(INFORMATION GIVEN)

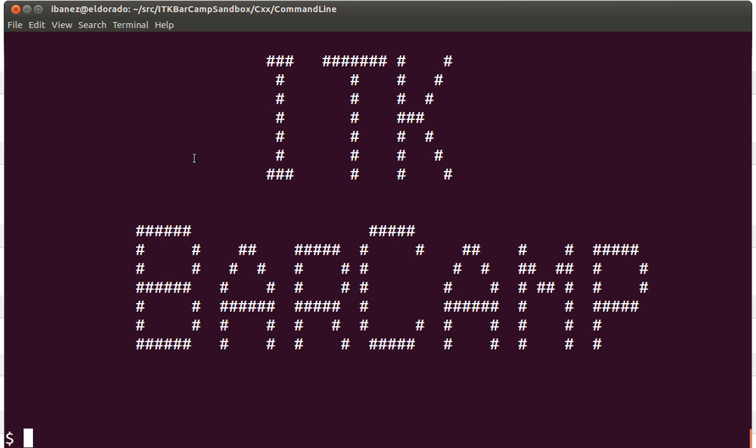Welcome to ITK Barcamp. Today we are going to continue our introduction to the use of the command line prompt and we're going to start working today with directories.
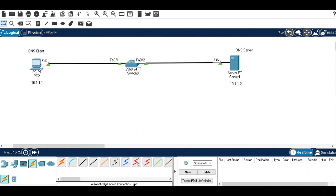This is a very simple topology. We have taken a DNS client and a DNS server connected to each other with the help of a switch. For the DNS client, we'll assign the IP address 10.1.1.1. For the DNS server, we will assign 10.1.1.2. We will then test the connectivity from the DNS client, reaching the URL using a web browser to reach the destination server. Let's get started with the configuration of the DNS server first.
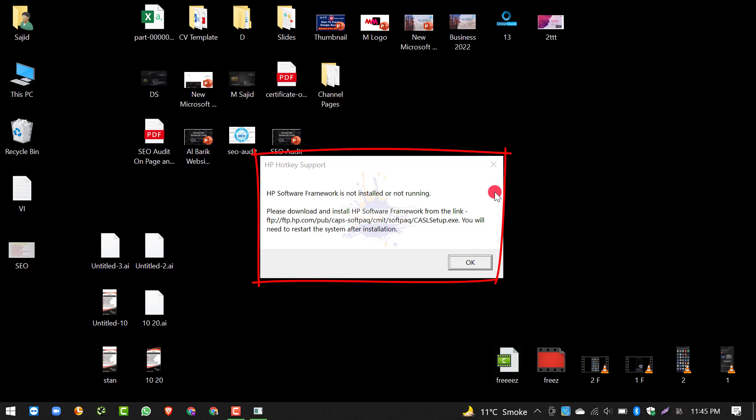इसको हम कैसे solve कर सकते हैं, उसके बारे में हम इस वीडियो में बात करेंगे। नीचे उन्होंने एक छोटा paragraph लिखा है जिसमें एक Link दिया है: 'Please download and install HP Software Framework from the link'। उन्होंने यह भी कहा है: 'You will need to restart the system after installation'।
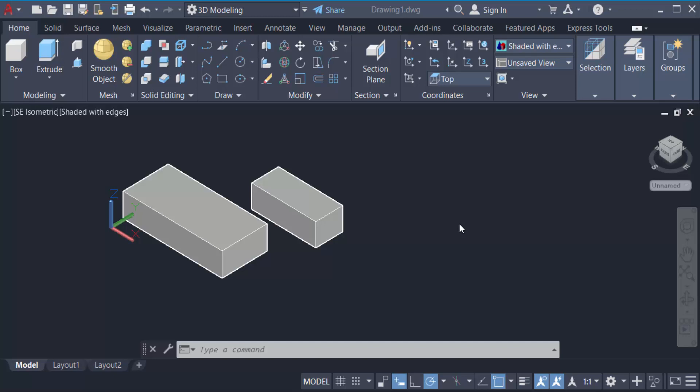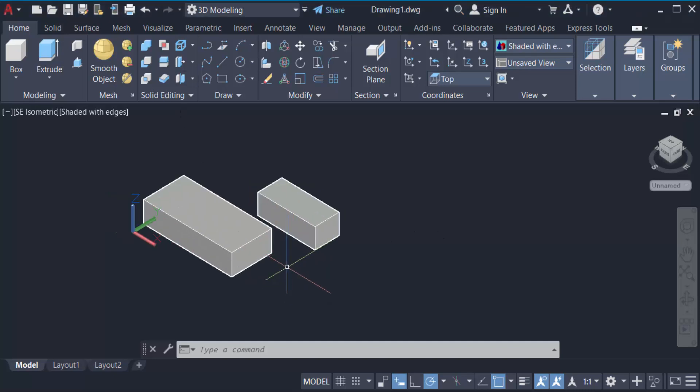Hello everyone, assalamualaikum. In this tutorial today I'll present you how to switch from 3D modeling to 2D drafting in AutoCAD. So let's get started. This is my 3D model drawing and you have to see this is 3D modeling.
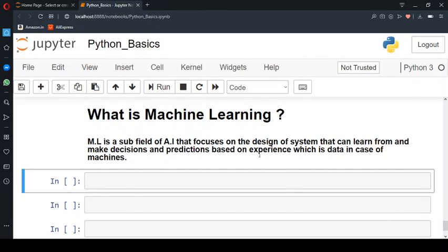Hello viewers and welcome to our video about what is Machine Learning. Before starting, please subscribe to our channel and turn on the notification bell to never miss upcoming videos.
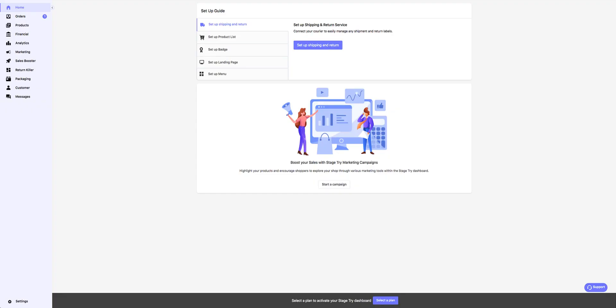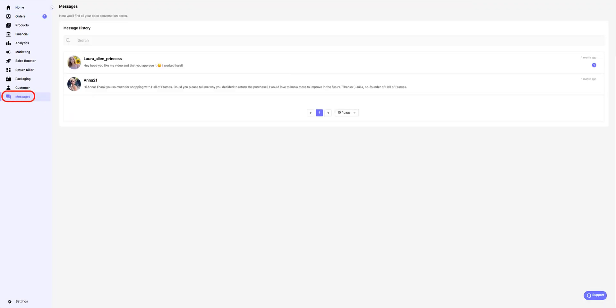Welcome to the message section. Here you can see a list of all your ongoing message conversations with other users.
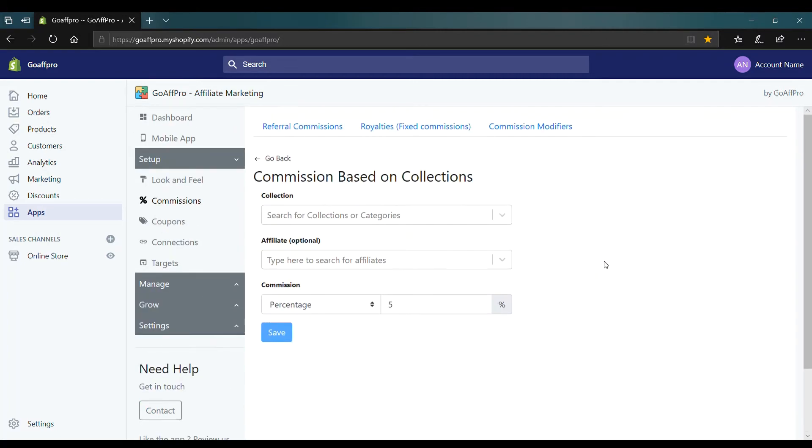Here you can select the collection or category of products from your store and set the commission rate. Click on save to create the new collection commission.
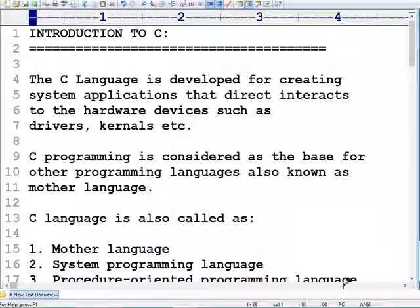Hello friends, welcome to my channel Secret Point. My name is Milan, and in this video session we are going to discuss C programming language. C is a primary or basic programming language.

(End INFORMATION GIVEN)

Set down only the lines from the one with "Here you can select" through the end of the entries, exactly as they appear, leaving out each picture.

Here you can select the collection or category of products from your store and set the commission rate. Click on save to create the new collection commission.
Hello friends, welcome to my channel Secret Point. My name is Milan, and in this video session we are going to discuss C programming language. C is a primary or basic programming language.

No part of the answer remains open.